With Willpower and Agility, Walter is a strong defensive option for mystics who just don't care about their other stats in the slightest. His ability is hard to leverage - taking extra horror as you're getting hit certainly isn't something anyone wants - but has some real build around potential, albeit usually with characters who don't care about his stat boost. Tommy Muldoon and Carolyn Fern in particular have builds that enjoy being hit, and can use Walter again and again. It's also worth considering the use of Walter drawing cards when you're getting disposable allies killed - there are some allies in both mystic and seeker who are meant to die, and so provide a good source of soak.

With Intellect and Agility, Yamamura is an immediate friend for the number of Seekers who prefer to run from problems or the number of Rogues who are focused on clues. His power is one of the most generally strong ones as well. Being able to turn Insight tokens into 0s or +2s is huge, and he can equally help you get lots of recognition or try to avoid it. It's a good enough effect that anyone can consider Yamamura, especially Mystics who are already running token-draw abilities.

Interlude: The Plain Doll

Between scenarios 2 and 3, you'll have an interlude with the Plain Doll. There, you get to ask her 3 questions (or 4, if all bystanders in the previous scenario were killed). The questions and their effects are as follows:

What has happened to Arkham? places an insight token in the insight display at the start of each scenario, allowing you to gather Recognition faster. This also helps unlock the Brain of Mensis path in Scenario 7.

What is The Hunt? lowers the Recognition requirement to place Metamorphosis and Milkweed encounter sets in the deck by 1, which allows you to add more difficult, experience-granting monsters into the encounter deck. This also helps unlock the Lady Maria path in Scenario 7.

Did Gehrman send you to help us? lets you swap the Guidance you received in scenario 1 for a different one. This also helps unlock the Lady Maria path in Scenario 7.

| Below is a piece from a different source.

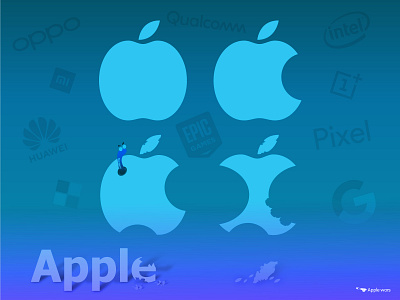 Apple wars apple brand wars design illustration vector wars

Why do you call us Hunters? allows you to place two cards from the Hunters of Yharnam encounter set instead of 1 for scenarios 3-7, making them a bit more difficult, but giving 5 more chances at the spoils loot. This also helps unlock the Lady Maria path in Scenario 7.

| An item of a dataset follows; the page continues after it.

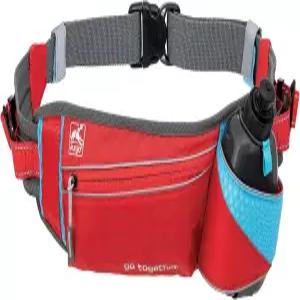 쿠르고의 트레일 러닝 벨트 - 반려견용 핸즈 프리 조절 가능한 반사형 조깅 장비 퀵 액세스 파우치 BPA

What is The Blood Healing Church? lets any one investigator heal a trauma.

What are Beasts? allows you to remove a non-elite enemy of your choice from the encounter deck of each scenario.

What's all this about 'channeling an Eldritch Truth?' lowers your Recognition by 1, but gives everyone 2 bonus experience.

Has this all happened before? allows anyone who has completed the Bloodborne: City of the Unseen Campaign before to take a Spoils card they had previously earned and put it in their deck now. This is the only way to pick out a specific Spoils!

Is any of this real? allows any one investigator to take a mental trauma to swap their current basic weakness for one of two random weaknesses.

Communion Story Paths

Scenario 7, Communion, has 3 different paths to take, with 3 different boss fights and rewards. Which paths you're able to take, however, depend on what you've done. You must achieve one of the two advanced paths in order to unlock the alternate final scenario.

The path leading to Mergo's Wet Nurse is open regardless of what happens - and if you have Recognition of 12 or lower, it's the only path you can take.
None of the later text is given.